Over the holidays, you experienced the joy of Christmas. And during the festivities, you may have asked yourself several things:
1. How does a fat man slither down a chimney when I live an apartment?
2. Can I put my younger sister on Santa’s naughty list? You know, for a price?
3. Does NORAD track Santa by the heat output of Rudolph’s goofy red nose?
And possibly, the ubiquitous quizzer, “What in the red and green hell can Brown do for me?” Whelp, according to this story, not much.
UPS, the international delivery headquarters of not much, put out a notice last week that although millions of people were counting on the company doing for them … they couldn’t.
[SERVICE UPDATE] We are experiencing heavy holiday volume & currently delivering in all ZIP codes. Details here: http://t.co/i2tlqsedMr
— UPS (@UPS) December 24, 2013
You see, as a delivery company that is attempting to take out the United States Postal Service one postman at a time, you have one job to do — deliver, namely during the holidays. Unfortunately, the Atlanta-based company didn’t realize the pressing demands some 317 million people in one nation can cause a company during Christmas. Although some shipments were guaranteed to arrive on Christmas, not so much because “the volume of air packages in our system exceeded the capacity of our network immediately preceding Christmas.”
To wit, Twitter paid their respects. And, not adept at leaving well enough alone, Brown had to poo-poo on that too.

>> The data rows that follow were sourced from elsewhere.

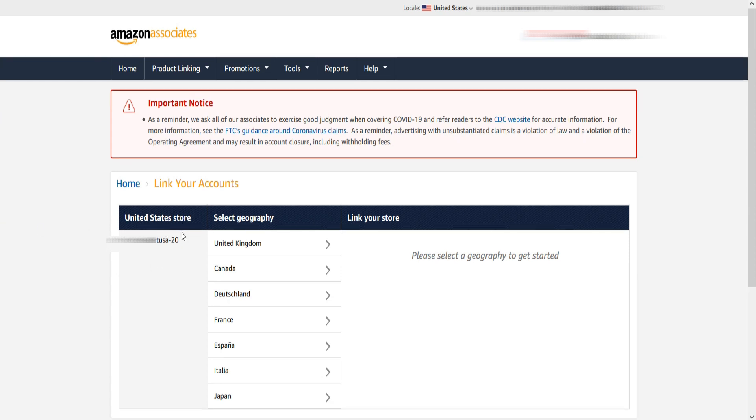Now your United States Amazon store ID will be displayed on the left side. Currently I have three Amazon accounts in USA, Canada, and UK.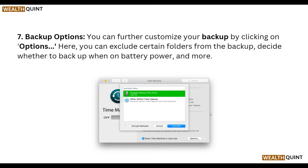The next step is backup options. You can further customize your backup by clicking on Options. Here you can exclude certain folders from the backup and decide whether to backup when on battery power, and more.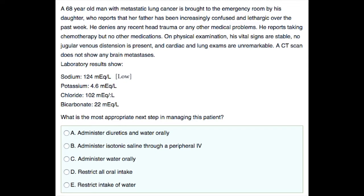A 68-year-old man with lung cancer is brought to the emergency room. He has been increasingly confused and lethargic over the past week. His physical examination is unremarkable and his sodium levels are low. The question asks: what is the most appropriate next step in managing this patient?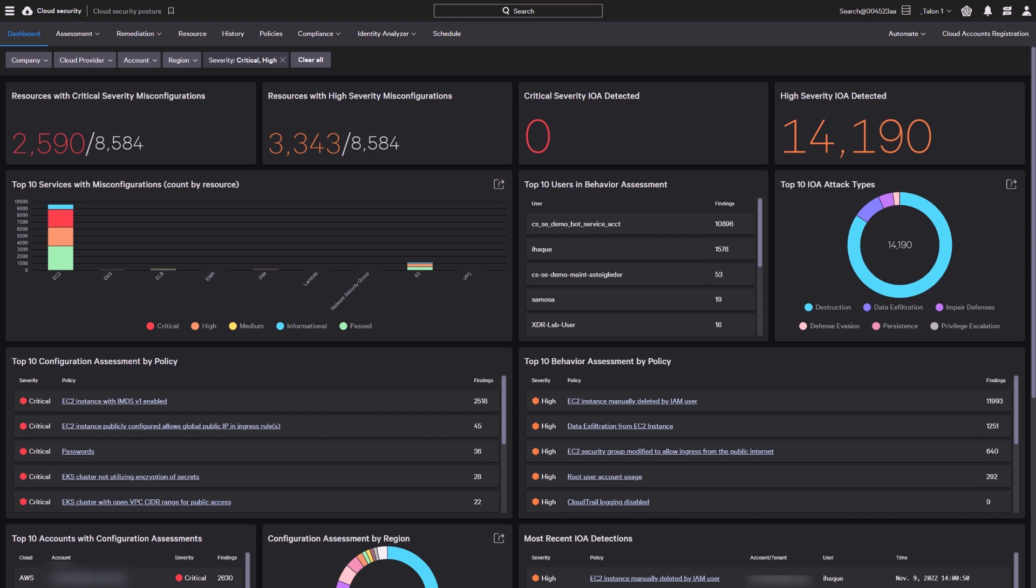At CrowdStrike, cloud identity and entitlement management, also known as CIEM, is a key part of cloud infrastructure security. Identity Analyzer helps you identify crucial cloud account identity related risks.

— Mort MaGirt (@Mort_Magirt) December 25, 2013
So, among the ballyhoo UPS’ Scroogled delivery issues, comes crisis communications from CNN and UPS:
“We’re terribly sorry,” spokeswoman Natalie Black told CNN. In a statement, the company explained that “the volume of air packages in our system exceeded the capacity of our network immediately preceding Christmas so some shipments were delayed. We know how hard it is for everyone to receive their holiday packages, and we’re working around the clock to resolve this issue,” Black said.
You work around the clock, UPS. I’ll order my next one via U-S-P-S because ‘Merica.